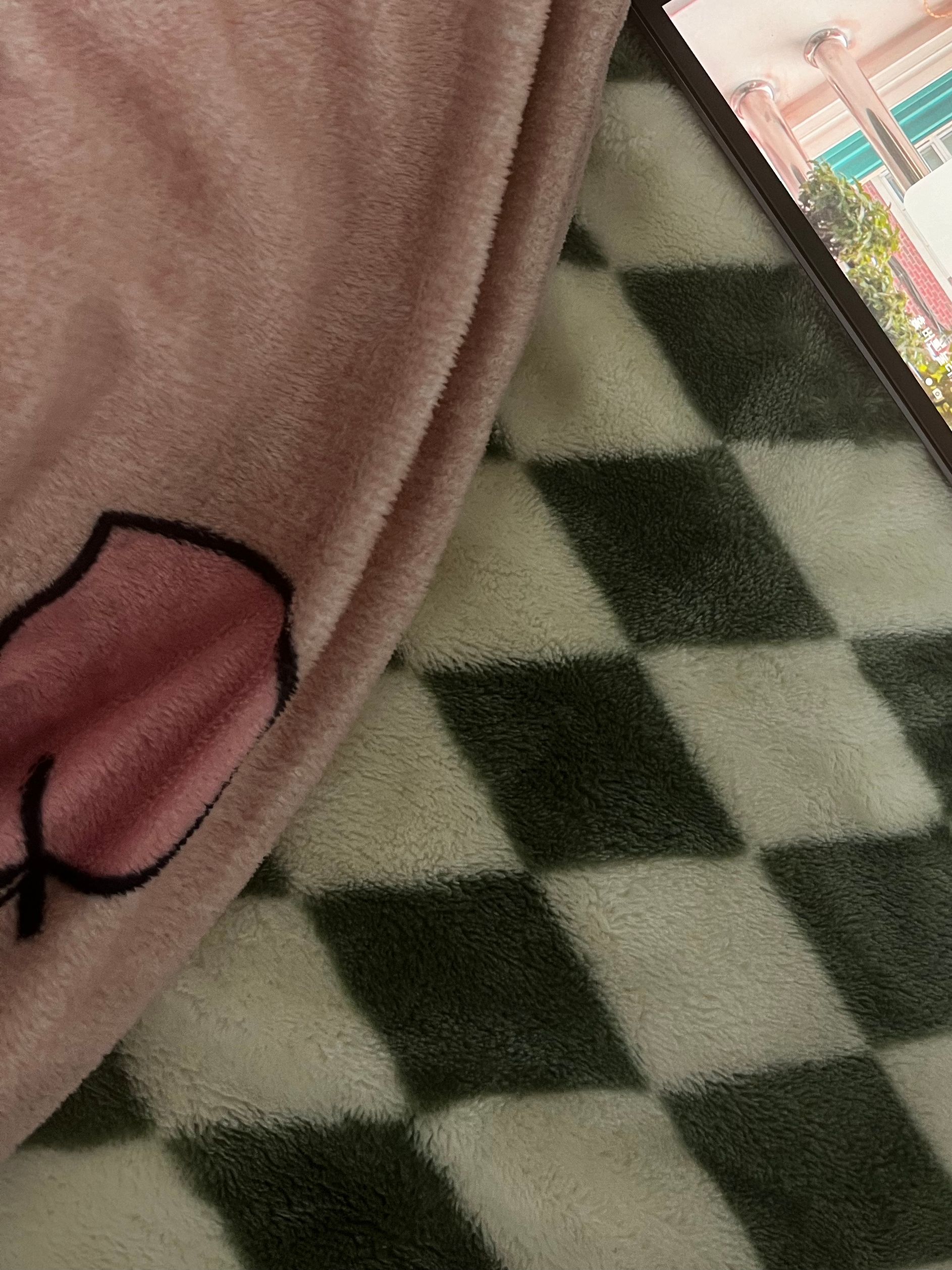 Momozzing Plush Blanket & Comforter user photo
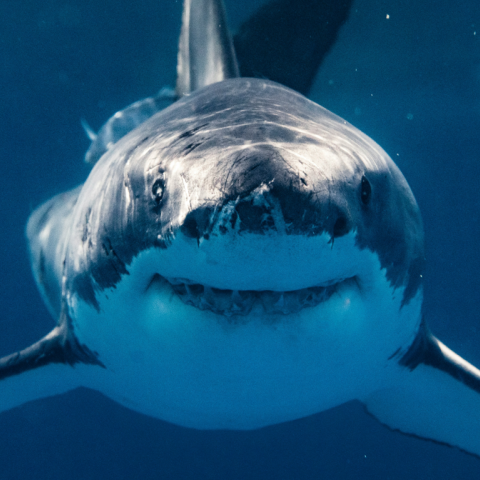 Μπορεί να μείνουν οι καρχαρίες χωρίς δόντια; Κι όμως, είναι πιθανό - Πού οφείλεται αυτός ο κίνδυνος που αντιμετωπίζουν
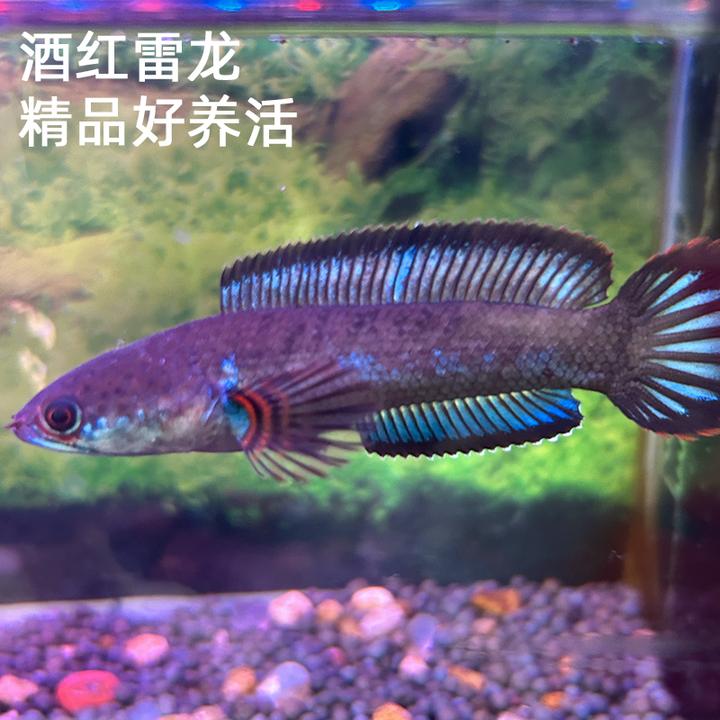 酒红雷龙 雷龙鱼苗大型雷龙鱼眼镜蛇雷龙鱼好养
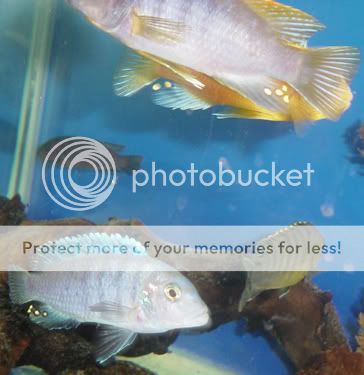 group_cichlids3.jpg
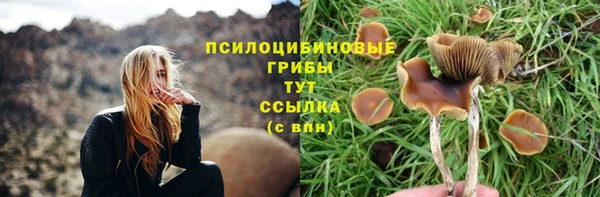 стафф Волосово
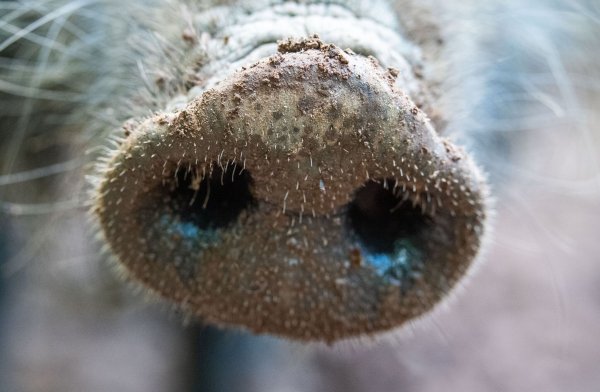 Das Fleisch von Wilschweinen ist im Gegensatz zur Leber unbedenklich. (Symbolbild) - © Lino Mirgeler/dpa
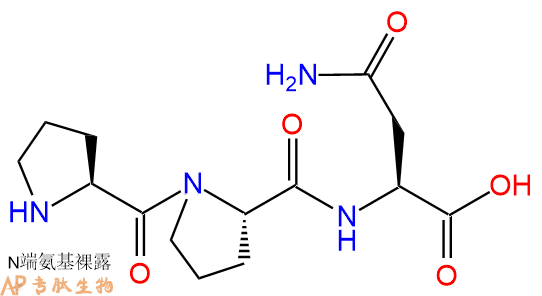 专肽生物产品三肽Pro-Pro-Asn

▶ [Work instructions]:
Please output the lines from the line that contains "Μπορεί να μείνουν" through the end of the records, both ends included, exactly and with no pictures.

▶ [Problem solution]:
 Μπορεί να μείνουν οι καρχαρίες χωρίς δόντια; Κι όμως, είναι πιθανό - Πού οφείλεται αυτός ο κίνδυνος που αντιμετωπίζουν
 酒红雷龙 雷龙鱼苗大型雷龙鱼眼镜蛇雷龙鱼好养
 group_cichlids3.jpg
 стафф Волосово
 Das Fleisch von Wilschweinen ist im Gegensatz zur Leber unbedenklich. (Symbolbild) - © Lino Mirgeler/dpa
 专肽生物产品三肽Pro-Pro-Asn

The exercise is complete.